A former Tyco International employee testified that she arranged the transfer of millions of dollars of Tyco funds that former top executives L. Dennis Kozlowski and Mark H. Swartz used for personal investments and to buy apartments. Kathy McRae said the transfers were recorded as loans to the executives under Tyco's "Key Employee Loan," or relocation loans. Kozlowski and Swartz are facing charges in connection with compensation they received at Tyco.

California's public pension fund said American International Group, AT&T, Delphi, Novell and Weyerhaeuser need to improve their financial performance and corporate governance practices.

Dow Jones shareholders approved a measure that would allow members of the Bancroft family to maintain voting control of the company even if they sell part of their holdings. Shareholder advocates had objected, saying it would unfairly allow the family to reduce its economic stake in the publisher of the Wall Street Journal without giving up voting control.

Ford Motor was handed the second-largest verdict against an automaker when it was ordered by an Illinois jury to pay $43.2 million to the wife and estate of a man who burned to death after his Lincoln Town Car caught fire in a rear-end collision.

Col. Harland Sanders, who founded Kentucky Fried Chicken and appeared in ads until 1980, the year of his death, is being brought back in a slimmer, more youthful image. Yum Brands, which operates the KFC fast-food chain, plans to open 50 stores using the full Kentucky Fried Chicken name with several new entrees and the new colonel.

Accenture, the world's second-largest consultant, agreed to buy Cap Gemini's North American health practice unit for $175 million in cash to boost services to hospitals and health systems. The deal is expected to close in 60 to 90 days.


The European Union submitted a revised offer on trade in the services sector to its global trading partners that adds concessions to World Trade Organization countries, giving them greater access to the E.U.'s services market. E.U. Trade Commissioner Peter Mandelson said the offer also includes new safeguards against opening new trade in education, health care or other public services.

Brazil's president, Luiz Inacio Lula da Silva, said clinching a deal for the proposed Free Trade Area of the Americas is "off the agenda" for his country. Silva made the comments just days before Secretary of State Condoleezza Rice was to visit Brazil.


MCI paid chief executive Michael D. Capellas $25.2 million last year, an eightfold increase from 2003. His salary was $1.56 million, bonus was $5 million and other pay was $625,000, the Ashburn company said in a filing with the Securities and Exchange Commission.

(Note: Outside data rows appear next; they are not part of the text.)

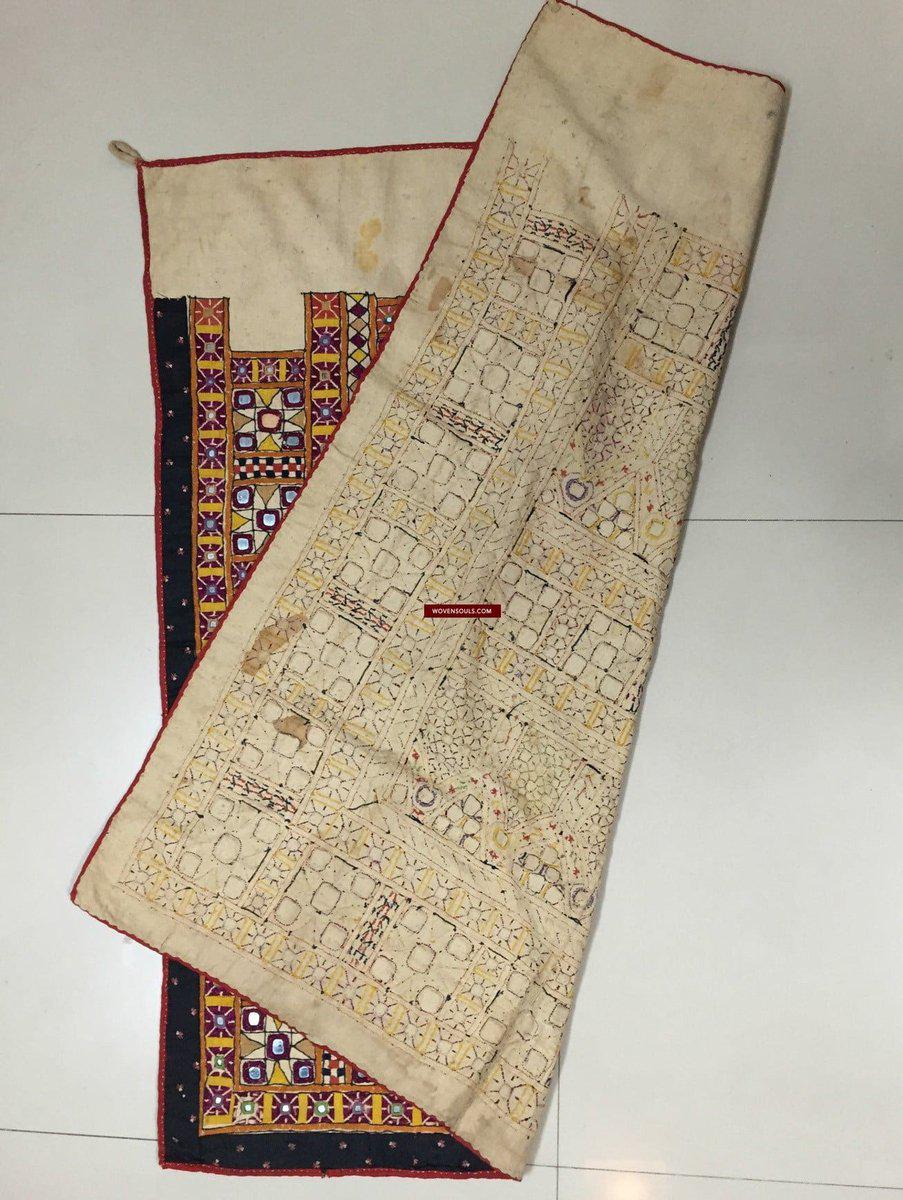 1031 Vintage Kutch Stickerei Wohndekoration aus Gujarat-WOVENSOULS-Antike-Vintage-Textilien-Kunst-Dekor
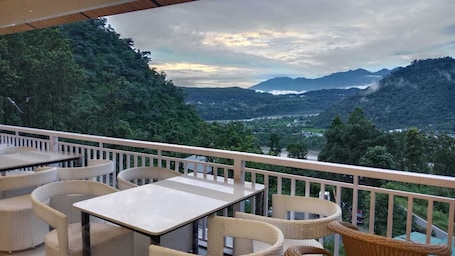 Restaurante al aire libre. The Whispering Winds Resort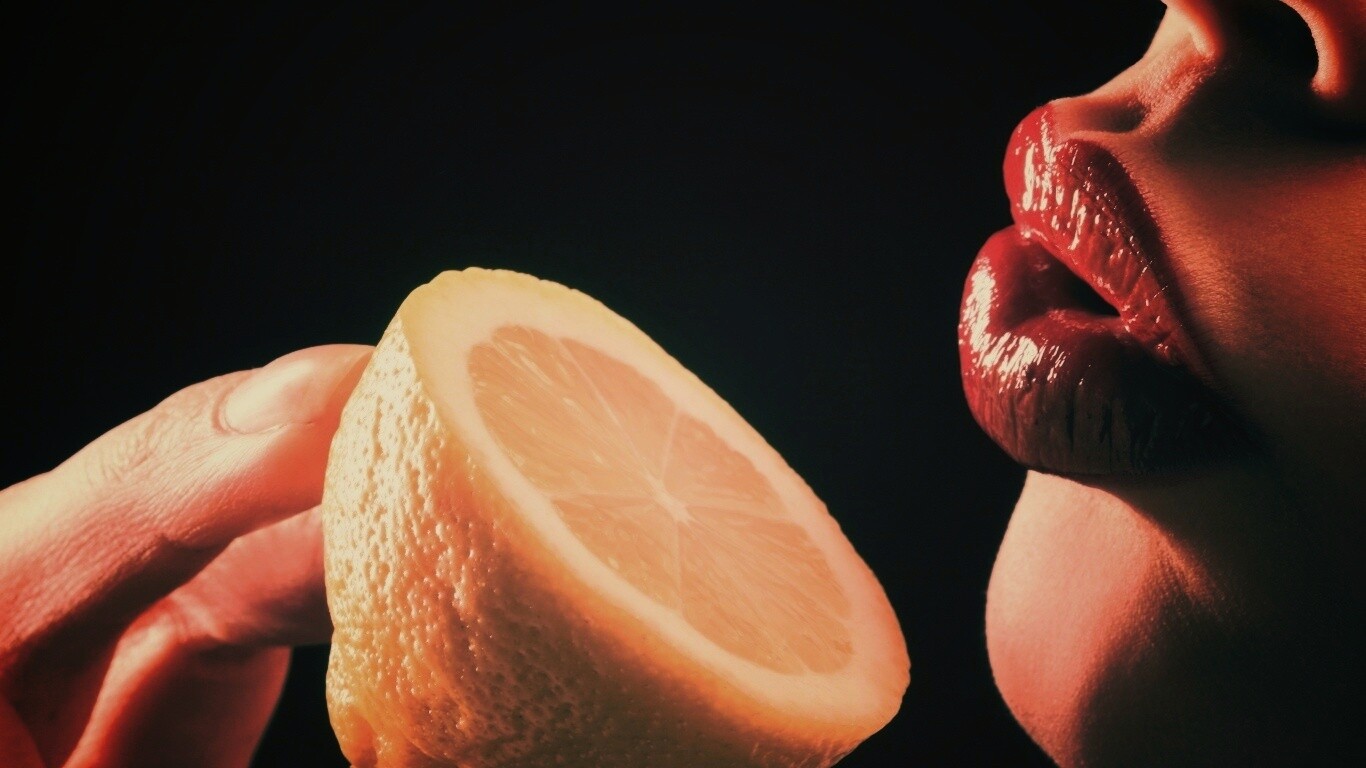 Лимон и губы обои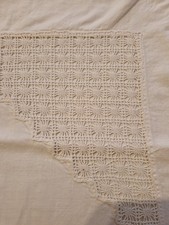 besticktes Kopfkissen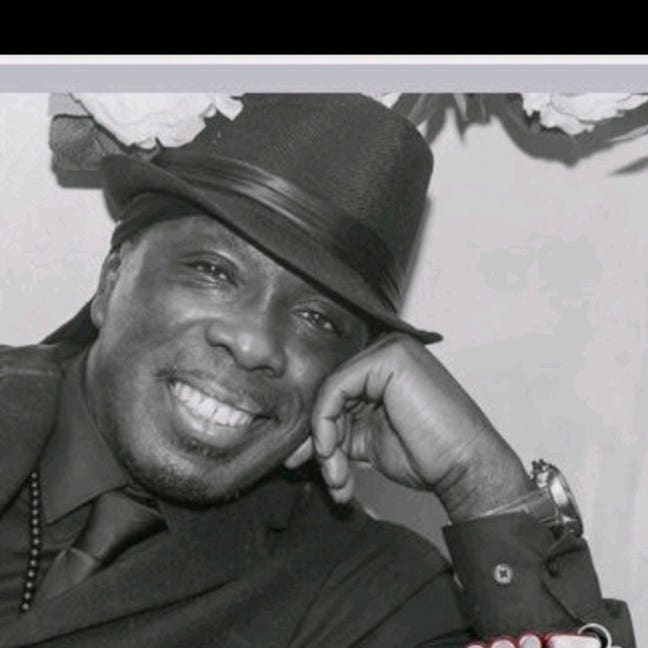 Professional Male seeks a double room Main Photo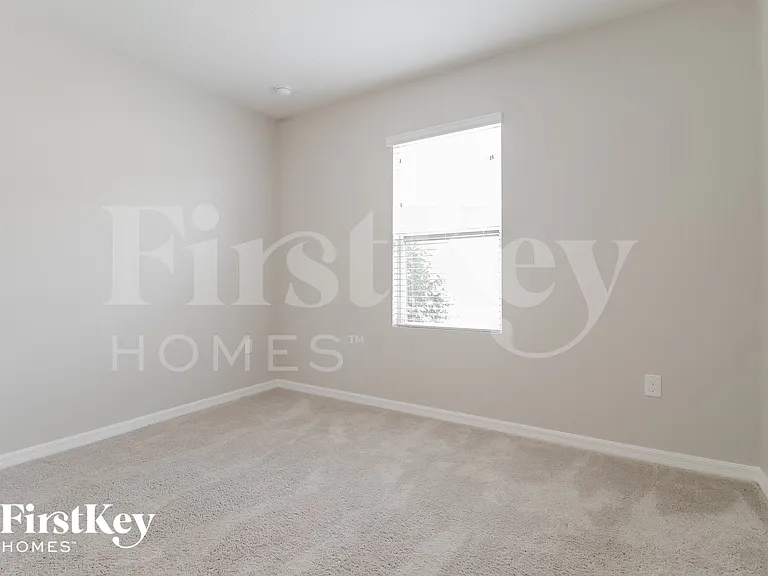 325 Aberdeen Dr — Photo 10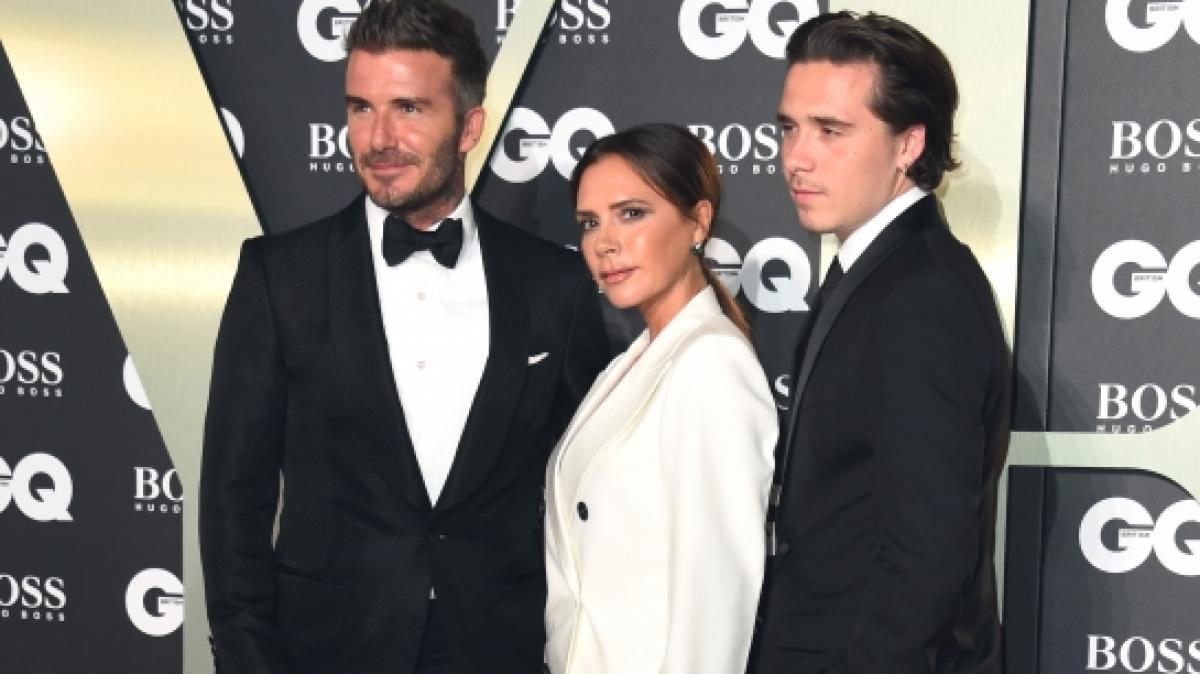 Der Br&auml;utigam und seine stolzen Eltern: Am 9. April 2022 heiratet Brooklyn Beckham, der &auml;lteste Sohn von Victoria und David Beckham, seine Verlobte Nicola Peltz. (Foto)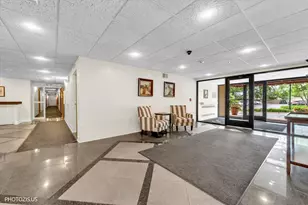 1840 Huntington Blvd, Hoffman Estates, IL 60169 - Photo 2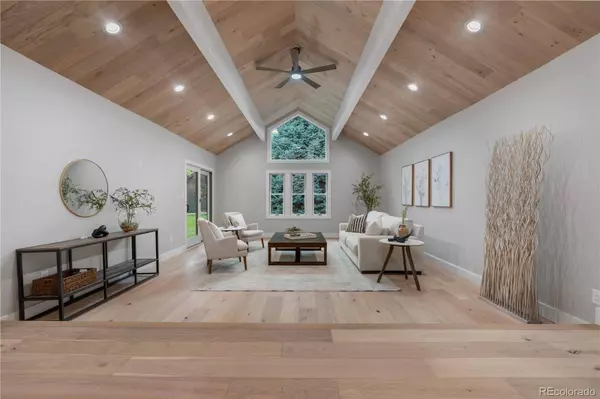 3 Columbine LN, Littleton, CO 80123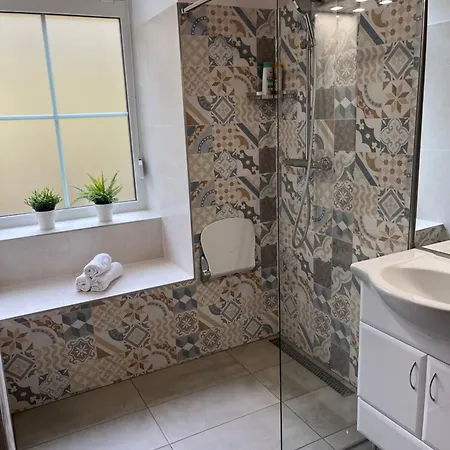 Apartamento Bródy Holiday-calm&comfort With Two Double Bed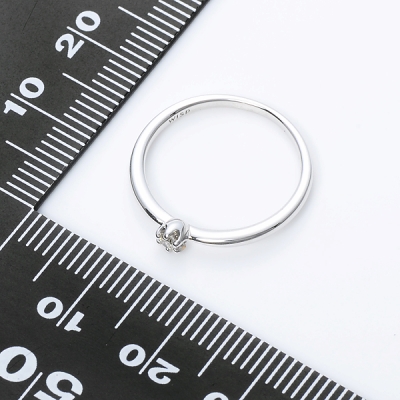 ホワイトゴールドリング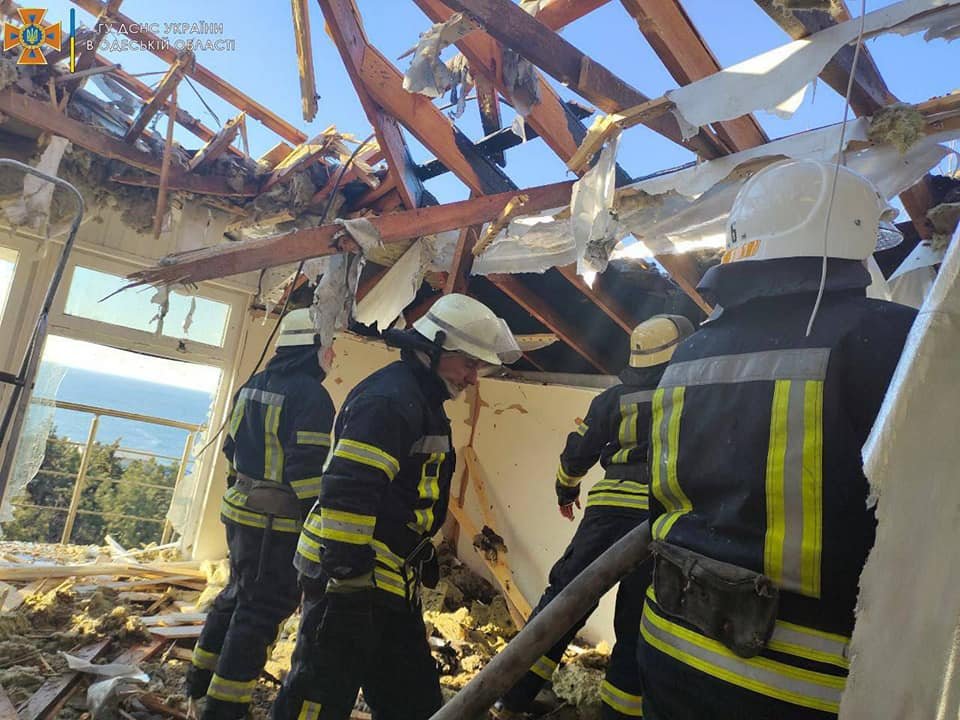 Оккупанты с кораблей обстреляли дома в Одессе 3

Capellas also received restricted stock awards of $18 million related to MCI's emergence from bankruptcy protection. MCI's board approved an increase in his target bonus for 2005 to 150 percent of his base salary from 100 percent.

Loral Space & Communications' lawsuit against Bethesda-based Lockheed Martin over a commercial satellite positioning system technology was revived by a federal appeals court. The court said U.S. District Judge Susan Y. Illston improperly invalidated a Loral patent and sent the case back for further proceedings.